- [THE TASK]: Every entry below needs to be printed again exactly, with its pictures left out.

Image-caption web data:
● ● ● ● ● ● ●
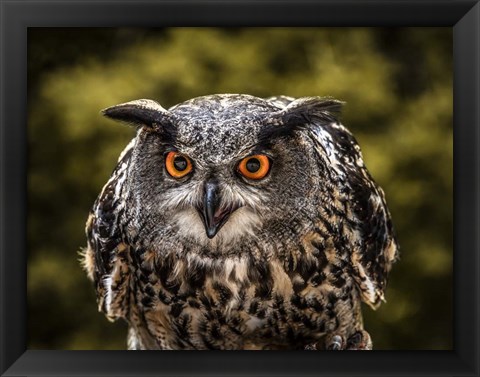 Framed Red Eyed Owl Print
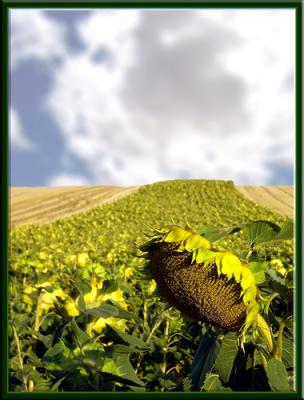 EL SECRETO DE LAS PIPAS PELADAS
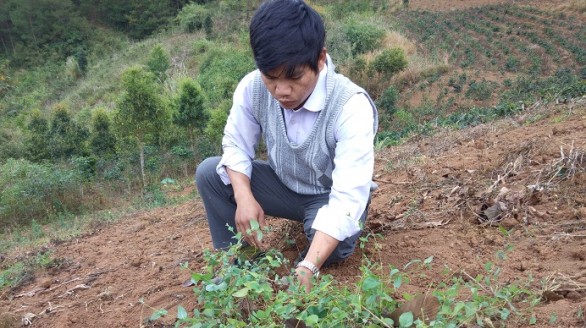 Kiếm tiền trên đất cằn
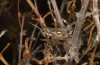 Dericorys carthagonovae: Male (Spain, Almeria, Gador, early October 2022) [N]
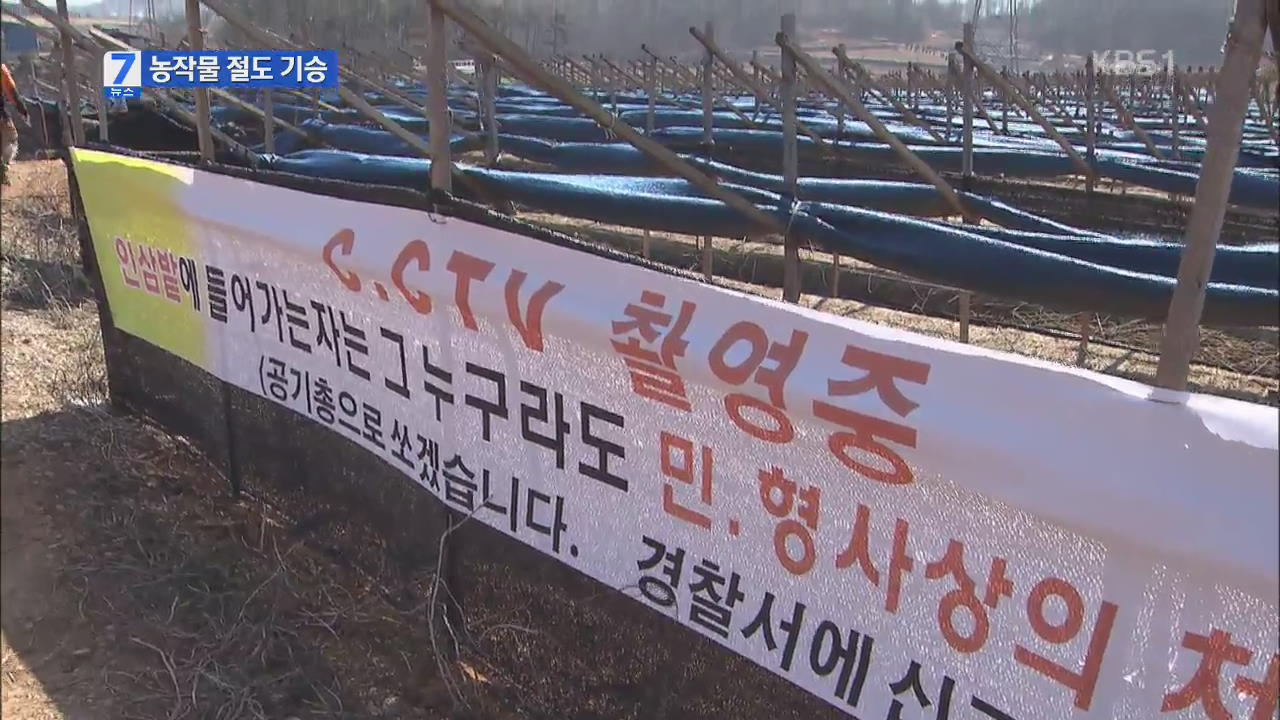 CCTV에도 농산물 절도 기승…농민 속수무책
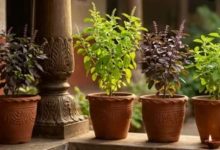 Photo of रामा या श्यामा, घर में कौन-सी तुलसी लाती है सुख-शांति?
● ● ● ● ● ● ●
- [SOLUTION]:
 Framed Red Eyed Owl Print
 EL SECRETO DE LAS PIPAS PELADAS
 Kiếm tiền trên đất cằn
 Dericorys carthagonovae: Male (Spain, Almeria, Gador, early October 2022) [N]
 CCTV에도 농산물 절도 기승…농민 속수무책
 Photo of रामा या श्यामा, घर में कौन-सी तुलसी लाती है सुख-शांति?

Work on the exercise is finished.